基準値に到達するためには,2回目の処理において吸収材料層を用いる必要があることが判る(図8中で△点と○点)。表1の条件9,19,20(図8中では◇又は□)は,2回目の処理において吸収材料層を形成せずに処理した比較例であるが,いずれも残留応力の基準値に達していない。これは上記の段落[0023]で説明したように,2回目の処理で表面が溶融・再凝固するのに伴い,1回目に表面に付与した圧縮応力が一旦リセットされ,2回処理する効果がなくなってしまうためである。
また,X,Y両方向とも基準値に到達するためには,1回目,2回目のそれぞれの平均重畳回数を所定の範囲に設定する必要があることが図8より判る。図8を見ると,本実施例の鋼材の強度,パルスレーザビームの照射条件,および圧縮応力の基準値に対しては,1回目,2回目の平均重畳回数を,下記範囲に設定すればよいことが判る。上記の段落[0022]で説明したように,鋼材の強度,パルスレーザビームの照射条件,および圧縮応力の基準値が変化した場合,これら平均重畳回数の限定範囲も変化する。
(1)1回目処理で吸収材料層を設置する場合(図8中●印)
(1a)
1回目と2回目の平均重畳回数の合計を4回以上
(1b)
2回目の平均重畳回数を4回未満
(1c)
1回目,2回目それぞれの平均重畳回数を1.6回以上
(2)1回目処理で吸収材料層を設置しない場合(図8中▲印)
(2a)
1回目と2回目の平均重畳回数の合計を7回以上
(2b)
2回目の平均重畳回数を4回未満
(2c)
2回目の平均重畳回数を1.6回以上
2回目の処理と異なり,1回目の処理においては吸収材料層を設置する必要はないが,吸収材料層を形成しない場合は2回の平均重畳回数の合計値の下限は,吸収材料層を形成する場合と比較して大きくなる。これは,吸収材料層を形成しない場合は表層近傍の圧縮応力が減少し易いためである。
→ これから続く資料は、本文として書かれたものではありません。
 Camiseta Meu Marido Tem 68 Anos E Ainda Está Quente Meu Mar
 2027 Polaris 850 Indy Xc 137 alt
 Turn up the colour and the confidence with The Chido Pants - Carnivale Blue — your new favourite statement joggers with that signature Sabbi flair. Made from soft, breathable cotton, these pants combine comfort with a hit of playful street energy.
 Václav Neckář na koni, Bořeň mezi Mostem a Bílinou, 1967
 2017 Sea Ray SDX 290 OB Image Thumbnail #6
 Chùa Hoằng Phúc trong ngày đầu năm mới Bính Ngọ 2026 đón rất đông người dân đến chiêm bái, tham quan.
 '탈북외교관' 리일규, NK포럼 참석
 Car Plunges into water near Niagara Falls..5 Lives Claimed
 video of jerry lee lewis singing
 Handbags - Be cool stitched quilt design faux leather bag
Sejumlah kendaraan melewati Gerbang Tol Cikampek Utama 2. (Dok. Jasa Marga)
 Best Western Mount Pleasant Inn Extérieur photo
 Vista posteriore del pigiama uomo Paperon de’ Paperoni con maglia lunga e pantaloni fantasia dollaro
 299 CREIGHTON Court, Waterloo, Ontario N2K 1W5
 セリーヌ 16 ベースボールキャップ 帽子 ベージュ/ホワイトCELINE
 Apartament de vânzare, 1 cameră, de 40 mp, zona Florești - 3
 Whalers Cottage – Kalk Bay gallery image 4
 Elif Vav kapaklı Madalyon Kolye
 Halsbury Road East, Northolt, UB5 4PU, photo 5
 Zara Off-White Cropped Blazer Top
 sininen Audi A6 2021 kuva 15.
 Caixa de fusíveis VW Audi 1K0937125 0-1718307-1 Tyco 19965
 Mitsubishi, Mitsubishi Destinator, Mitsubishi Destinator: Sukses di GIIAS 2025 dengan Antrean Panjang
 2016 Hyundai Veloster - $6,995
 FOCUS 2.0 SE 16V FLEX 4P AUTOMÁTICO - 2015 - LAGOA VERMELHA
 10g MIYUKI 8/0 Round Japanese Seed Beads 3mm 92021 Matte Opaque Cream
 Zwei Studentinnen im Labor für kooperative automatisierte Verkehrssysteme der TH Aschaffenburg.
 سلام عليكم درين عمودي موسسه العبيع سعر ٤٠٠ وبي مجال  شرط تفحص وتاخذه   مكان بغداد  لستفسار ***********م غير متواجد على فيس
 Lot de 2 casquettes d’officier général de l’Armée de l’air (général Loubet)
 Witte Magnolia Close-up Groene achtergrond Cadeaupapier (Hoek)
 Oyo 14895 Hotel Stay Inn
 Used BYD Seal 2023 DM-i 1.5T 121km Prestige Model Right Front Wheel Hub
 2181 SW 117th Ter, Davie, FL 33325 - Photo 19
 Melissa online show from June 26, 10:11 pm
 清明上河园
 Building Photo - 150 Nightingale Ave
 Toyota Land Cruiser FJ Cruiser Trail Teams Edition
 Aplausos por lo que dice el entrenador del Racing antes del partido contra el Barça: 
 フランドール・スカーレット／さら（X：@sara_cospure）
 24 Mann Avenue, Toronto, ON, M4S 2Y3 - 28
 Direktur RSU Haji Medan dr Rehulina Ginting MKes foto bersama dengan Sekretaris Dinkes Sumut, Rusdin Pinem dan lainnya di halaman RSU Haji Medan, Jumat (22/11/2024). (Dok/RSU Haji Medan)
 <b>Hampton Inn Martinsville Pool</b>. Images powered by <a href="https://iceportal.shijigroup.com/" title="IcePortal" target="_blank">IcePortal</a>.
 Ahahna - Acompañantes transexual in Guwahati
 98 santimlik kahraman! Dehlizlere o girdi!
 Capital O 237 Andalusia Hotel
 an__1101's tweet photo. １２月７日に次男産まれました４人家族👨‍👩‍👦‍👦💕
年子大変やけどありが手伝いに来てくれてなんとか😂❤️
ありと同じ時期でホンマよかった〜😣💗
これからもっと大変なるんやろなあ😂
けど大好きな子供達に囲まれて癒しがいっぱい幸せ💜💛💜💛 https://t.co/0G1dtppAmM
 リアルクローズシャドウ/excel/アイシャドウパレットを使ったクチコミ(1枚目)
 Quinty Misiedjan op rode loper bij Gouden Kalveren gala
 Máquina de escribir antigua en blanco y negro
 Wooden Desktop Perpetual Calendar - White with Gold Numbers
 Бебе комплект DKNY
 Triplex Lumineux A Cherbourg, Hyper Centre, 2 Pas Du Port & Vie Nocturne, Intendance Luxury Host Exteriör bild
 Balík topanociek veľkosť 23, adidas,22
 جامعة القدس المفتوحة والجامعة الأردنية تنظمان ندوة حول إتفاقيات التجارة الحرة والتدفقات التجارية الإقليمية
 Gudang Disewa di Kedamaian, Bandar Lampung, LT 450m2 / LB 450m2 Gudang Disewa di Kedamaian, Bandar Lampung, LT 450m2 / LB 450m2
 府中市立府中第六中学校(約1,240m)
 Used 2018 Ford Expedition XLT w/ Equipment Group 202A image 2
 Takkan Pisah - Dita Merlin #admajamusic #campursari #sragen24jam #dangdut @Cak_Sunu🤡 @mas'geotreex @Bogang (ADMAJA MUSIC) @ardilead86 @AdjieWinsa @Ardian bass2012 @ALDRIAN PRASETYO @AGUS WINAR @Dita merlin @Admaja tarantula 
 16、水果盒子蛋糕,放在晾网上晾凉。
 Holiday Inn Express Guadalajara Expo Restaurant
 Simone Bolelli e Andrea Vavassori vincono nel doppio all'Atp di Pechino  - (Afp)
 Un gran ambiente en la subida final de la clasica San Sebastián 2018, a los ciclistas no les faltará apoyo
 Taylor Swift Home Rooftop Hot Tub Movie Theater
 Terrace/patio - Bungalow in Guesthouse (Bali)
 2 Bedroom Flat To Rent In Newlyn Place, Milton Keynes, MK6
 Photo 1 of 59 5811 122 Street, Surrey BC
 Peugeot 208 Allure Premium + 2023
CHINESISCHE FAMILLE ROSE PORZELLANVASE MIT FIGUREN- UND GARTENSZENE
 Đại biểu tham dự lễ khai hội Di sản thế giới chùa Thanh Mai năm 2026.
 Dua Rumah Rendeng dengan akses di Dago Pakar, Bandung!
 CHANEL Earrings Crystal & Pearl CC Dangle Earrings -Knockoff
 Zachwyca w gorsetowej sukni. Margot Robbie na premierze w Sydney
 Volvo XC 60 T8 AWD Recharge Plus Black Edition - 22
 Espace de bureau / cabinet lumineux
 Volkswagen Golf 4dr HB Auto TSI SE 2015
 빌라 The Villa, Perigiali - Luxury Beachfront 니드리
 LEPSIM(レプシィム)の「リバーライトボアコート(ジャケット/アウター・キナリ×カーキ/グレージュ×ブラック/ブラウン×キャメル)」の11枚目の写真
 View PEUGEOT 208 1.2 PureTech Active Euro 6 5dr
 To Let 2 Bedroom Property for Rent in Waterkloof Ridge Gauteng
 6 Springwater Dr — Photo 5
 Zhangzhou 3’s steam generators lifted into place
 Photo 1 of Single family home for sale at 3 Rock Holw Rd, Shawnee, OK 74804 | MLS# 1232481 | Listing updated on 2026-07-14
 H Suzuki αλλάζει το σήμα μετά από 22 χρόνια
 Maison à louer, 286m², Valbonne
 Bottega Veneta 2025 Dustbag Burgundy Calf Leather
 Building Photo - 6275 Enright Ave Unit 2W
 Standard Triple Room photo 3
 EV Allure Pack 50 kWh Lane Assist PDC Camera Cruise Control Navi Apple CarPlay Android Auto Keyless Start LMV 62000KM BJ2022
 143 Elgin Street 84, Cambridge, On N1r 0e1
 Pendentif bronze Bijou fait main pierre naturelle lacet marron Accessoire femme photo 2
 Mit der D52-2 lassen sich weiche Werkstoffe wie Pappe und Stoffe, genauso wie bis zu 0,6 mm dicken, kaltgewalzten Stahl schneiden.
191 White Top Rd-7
以下では本実施例において,2回目の処理において吸収材料層を用いたものの,上記平均重畳回数の条件が満たされなかったために基準値に到達しなかった条件について説明する。
条件1,11は,それぞれ上記条件(2a),(1a)を満たしていないために圧縮応力が不足し,基準値に到達しなかった。
また,条件2,6,15は,上記条件(1b)もしくは(2b)を満たしていないため基準値に到達していない。2回目の処理の平均重畳回数が4回以上と大きすぎるために,Y方向の圧縮応力が選択的に強化され,その影響でX方向の応力値が十分に高くできないからである。
例えば条件2では,1回目処理の平均重畳回数(2.8回)が小さいため,同処理で付与される応力(X・Y平均値)が鋼材の一軸引張強度の10%未満と小さくなっている。したがって2回目の処理で大きな圧縮応力を付与する必要が生じるが,2回目の平均重畳回数を大きくする(5.1回)と,圧縮応力が等方的でなくなり,X方向を基準値に到達させることができない。一方,条件3は1回目の処理で付与される応力(X・Y平均値)が鋼材の一軸引張強度の27%となっており,2回目の処理で平均重畳回数を3.5回とすることで基準値に到達している。以上の結果より,1回目の処理で付与する圧縮応力値の目安はX・Y方向の平均値で被加工材の一軸引張強度の20%以上であるといえる。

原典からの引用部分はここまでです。